2026-05-18 10:11 Which, if any, of the async crypto drivers are ever useful in the real world? Demi Marie Obenour
@ 2026-05-19 20:36 ` Simon Richter
2026-05-19 21:07 ` Eric Biggers
0 siblings, 1 reply; 3+ messages in thread
From: Simon Richter @ 2026-05-19 20:36 UTC (permalink / raw)
To: Demi Marie Obenour, linux-crypto; +Cc: Eric Biggers, Herbert Xu
[-- Attachment #1.1: Type: text/plain, Size: 2587 bytes --]
Hi,
On 5/18/26 19:11, Demi Marie Obenour wrote:
> Is it really *always* better to do the cryptography inline or on the
> CPU?
If there is an inline crypto engine, that is preferable, because we can
submit a single async request and have the hardware mediate the async
requests to the lower layers for us, reducing overhead.

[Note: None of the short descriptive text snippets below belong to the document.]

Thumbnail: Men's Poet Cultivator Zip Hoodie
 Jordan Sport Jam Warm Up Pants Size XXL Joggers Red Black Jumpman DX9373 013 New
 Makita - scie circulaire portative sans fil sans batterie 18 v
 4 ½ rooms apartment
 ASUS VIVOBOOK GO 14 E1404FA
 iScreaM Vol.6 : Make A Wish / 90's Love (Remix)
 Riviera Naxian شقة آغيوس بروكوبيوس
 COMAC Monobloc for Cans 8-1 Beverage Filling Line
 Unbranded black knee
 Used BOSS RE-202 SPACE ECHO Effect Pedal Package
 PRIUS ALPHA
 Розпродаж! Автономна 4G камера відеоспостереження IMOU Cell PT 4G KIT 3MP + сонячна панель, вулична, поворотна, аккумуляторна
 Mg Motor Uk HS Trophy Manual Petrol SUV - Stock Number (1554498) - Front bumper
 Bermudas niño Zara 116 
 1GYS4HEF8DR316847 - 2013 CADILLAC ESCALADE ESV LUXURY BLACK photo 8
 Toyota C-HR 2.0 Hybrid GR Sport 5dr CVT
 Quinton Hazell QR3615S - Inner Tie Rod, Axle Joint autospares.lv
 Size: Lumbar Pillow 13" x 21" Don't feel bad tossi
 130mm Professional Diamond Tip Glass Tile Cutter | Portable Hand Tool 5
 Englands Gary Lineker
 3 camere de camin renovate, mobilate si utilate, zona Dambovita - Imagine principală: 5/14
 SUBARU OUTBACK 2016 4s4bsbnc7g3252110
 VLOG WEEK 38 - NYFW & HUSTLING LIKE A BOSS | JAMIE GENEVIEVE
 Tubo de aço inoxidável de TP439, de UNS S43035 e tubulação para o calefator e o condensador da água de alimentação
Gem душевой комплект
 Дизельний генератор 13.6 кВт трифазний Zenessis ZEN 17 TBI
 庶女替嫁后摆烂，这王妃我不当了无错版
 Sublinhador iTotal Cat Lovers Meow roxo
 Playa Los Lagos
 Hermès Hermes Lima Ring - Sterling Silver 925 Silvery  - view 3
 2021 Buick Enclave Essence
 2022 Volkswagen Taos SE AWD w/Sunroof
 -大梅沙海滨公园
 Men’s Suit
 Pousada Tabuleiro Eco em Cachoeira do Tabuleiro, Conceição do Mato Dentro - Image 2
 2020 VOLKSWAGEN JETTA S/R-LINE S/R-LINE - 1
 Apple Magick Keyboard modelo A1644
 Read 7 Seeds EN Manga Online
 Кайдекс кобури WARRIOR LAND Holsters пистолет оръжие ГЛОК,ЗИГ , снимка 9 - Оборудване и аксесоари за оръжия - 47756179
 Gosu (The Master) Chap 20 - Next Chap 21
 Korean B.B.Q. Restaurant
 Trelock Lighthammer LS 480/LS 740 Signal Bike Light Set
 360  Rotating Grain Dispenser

The CPU is a good choice if there is some acceleration built into it
(like AES-NI or NEON), request sizes are small, there is no batching,
the CPU is otherwise idle and total throughput per stream is manageable
with a single core.
That's a lot of conditions, but they happen to be fulfilled in a typical
desktop PC use case, and usually there is no async offload option there
anyway, so we end up on a CPU.
For other platforms, it's different. For example, my always-on machine
is a passively cooled RISC-V board. Transferring data through a SSH
tunnel maxes out at about 20 MB/s, that's where the sshd process uses
100% CPU, and it will only receive that much time if there is nothing
else going on on that machine.
One of my plans for the next weeks is to finally set up offloading
through AF_ALG to see if that improves things. I'm fairly confident it will.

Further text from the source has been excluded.